Account flagged as "high-risk": Rare for web design, but if it happens, Stripe will email asking for documents (LLC formation papers, business address proof). Send them, you'll be cleared in 1-3 days.
Sudden hold: If a major client disputes a large charge, Stripe might hold equivalent funds. Resolve the dispute, the hold lifts.
1099-K threshold: As of 2024, Stripe sends you a 1099-K for >$5,000 in payments. Make sure your CPA knows.
A 60-day Stripe checkup
Once you've been live for 60 days, audit:
- Failed payment rate — should be <5%/mo. Higher = update your "card on file" reminder cadence.
- Refund rate — should be <2% of revenue. Higher = client onboarding issue.
- Chargeback rate — should be <0.5%. Higher = Stripe will warn you.
- ACH adoption — % of clients on bank vs. card. Push higher over time.
- Subscription churn — see in Sigma reports or basic dashboard. Tracks who left.
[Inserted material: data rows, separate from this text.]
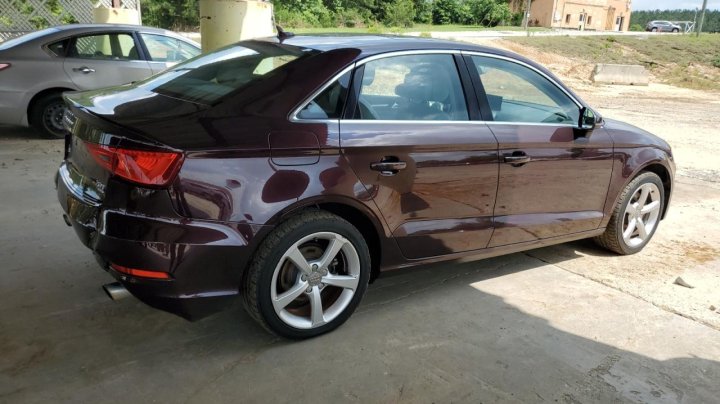 Audi A3 PREMIUM 2015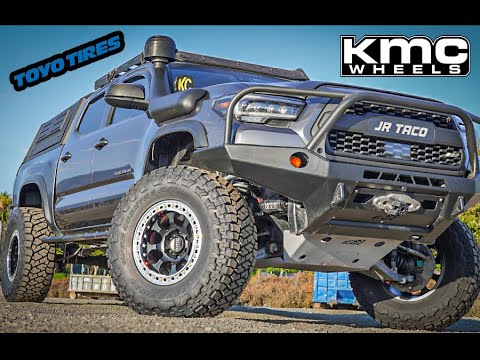 My Tacoma Gets New Wheels & New Tires & This IS Why | This Project Never Ends!!!!!!!!!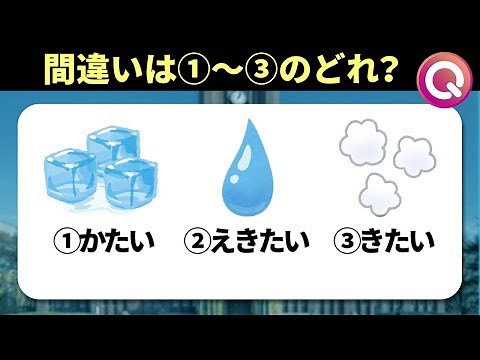 【謎解き】シンプルなのに間違えてしまうクイズ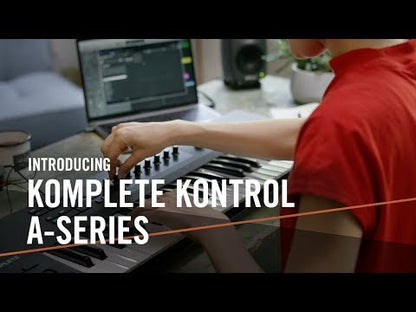 Native Instruments Komplete Kontrol A49 Keyboard Controller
Spend 15 min a month on this. Most issues you can fix before they compound.
The "I'm not technical" exception
If even reading the above made you anxious — all you really need on day 1 is:
- Sign up for Stripe
- Create one product: "Website Subscription — Growth — $197/mo recurring"
- Click "Create payment link"
- Send the link to your first client
- Stripe handles literally everything else automatically
The rest of this doc is optimization. Don't let perfect be the enemy of "I have a paying client."